Each year, new reports emerge from across the globe about the impacts of climate change. Very (very) broadly, changes can be split into short and long term onset changes. Changes can also be divide across sectors, from impacts on health, productivity of agriculture, income, extreme weather related disasters, impacts on cities and city living, building infrastructure. And that’s just the ones we can anticipate.
The problem with climate change is that it brings with it a large measure of risk and uncertainty. Scientists have an idea of how the climate is going to change, an even how certain regions might benefit, but given the interlinked nature of global ecosystems and the people that live in them, we just don’t know how nature or people will react. That means there are plenty of unexpected natural and socio economic impacts that are quite frankly unpredictable.

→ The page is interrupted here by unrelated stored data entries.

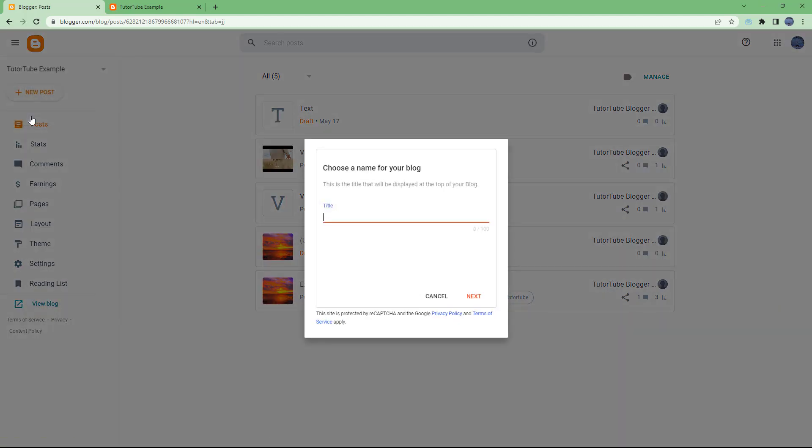If you click on new blog, you have an option to name your blog right here. So it says use a name for your blog. What you can do is type in a name for the blog that you like. So I'm just going to say TutorTube Second Example Blog.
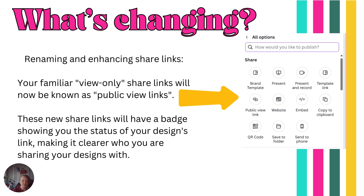If you want them to have their own template and do their own thing with it, you would always give them the template link — but that's only if you're selling it and all that. That's another video. This is for view-only when you want people to just view your stuff.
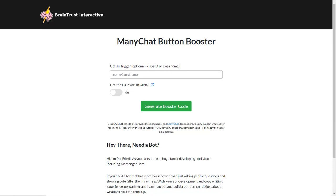Hey guys, I'm going to show you how to really ramp up the power of your ManyChat opt-in buttons using our brand new ManyChat button booster.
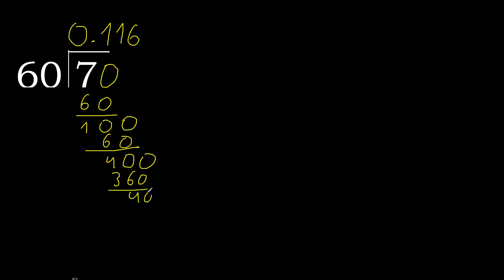Subtract. Complete. 400 multiply by 6. Subtract. Complete.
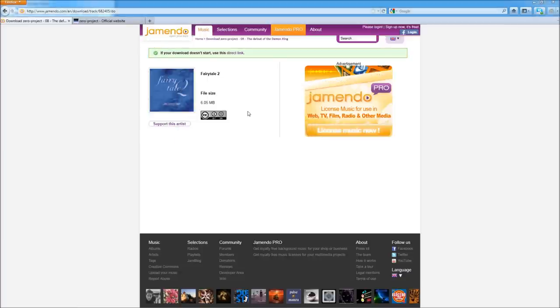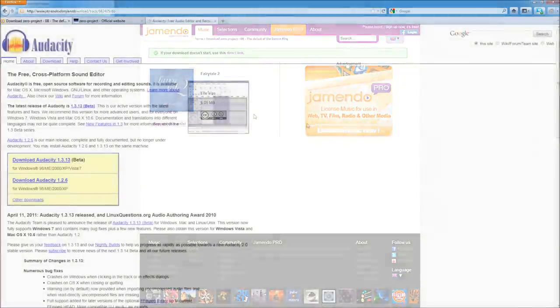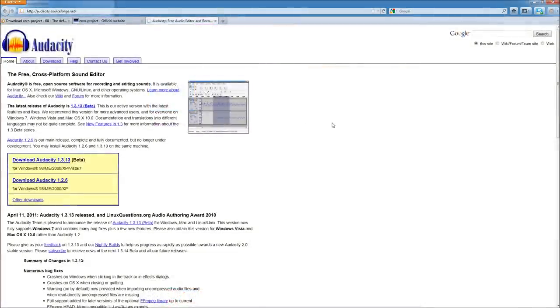Then I'm going to open this up in Audacity. This is the homepage for Audacity. It's an open-source, free-to-use audio editor.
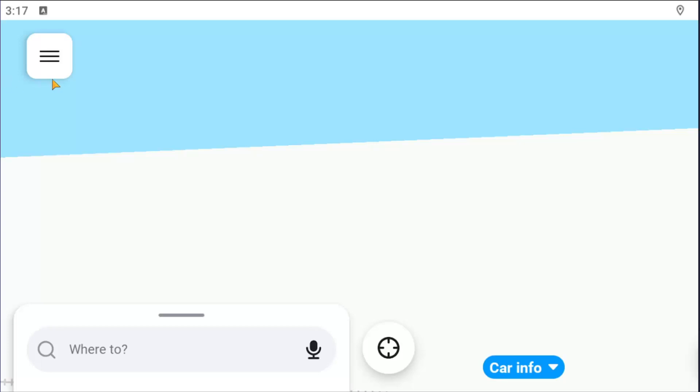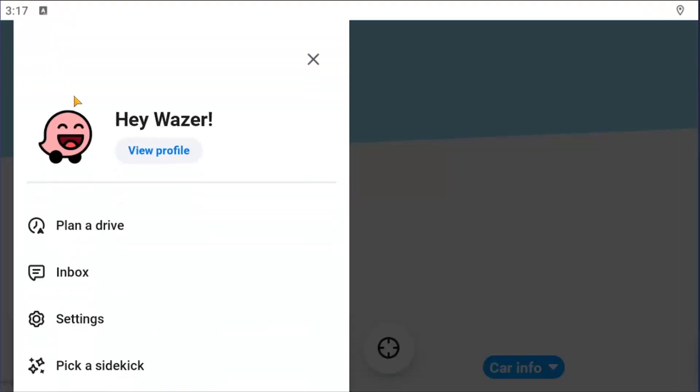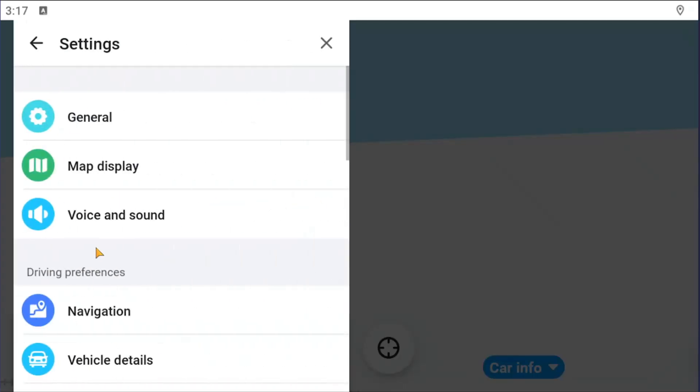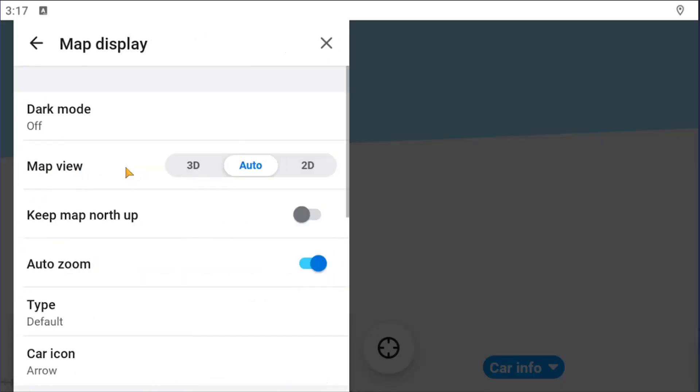So all you have to do is open up Waze and select the hamburger icon up at the top left, go down and select the settings button, and then you want to go underneath where it says map display and select that. For map view you can select 3D, 2D, or auto, whatever your preference is. You can also adjust additional settings.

For example, take water. By 2050, due to increasing demand for water coupled with a warming climate, over 50% of the worlds population are likely to be living in countries with water scarcity. Some of those countries include Pakistan, India, China, Syria or Jordan. Water is a fundamental need – its not just what comes out the tap, it’s also for agriculture, feeding animals, cooling cars and power generator. When fundamental needs become scare, the tendency of some is to do anything to protect them – this leads to potential for insecurity, as individuals, communities or even countries seek to defend their vital interests. It’s not that insecurity is necessarily going to result, its just that the risk for it is, and that makes planning difficult.
A good guide to the latest science on expected climate change impacts is the most recent Intergovernmental Panel on Climate Change report – from its second working group on Impacts, Vulnerability.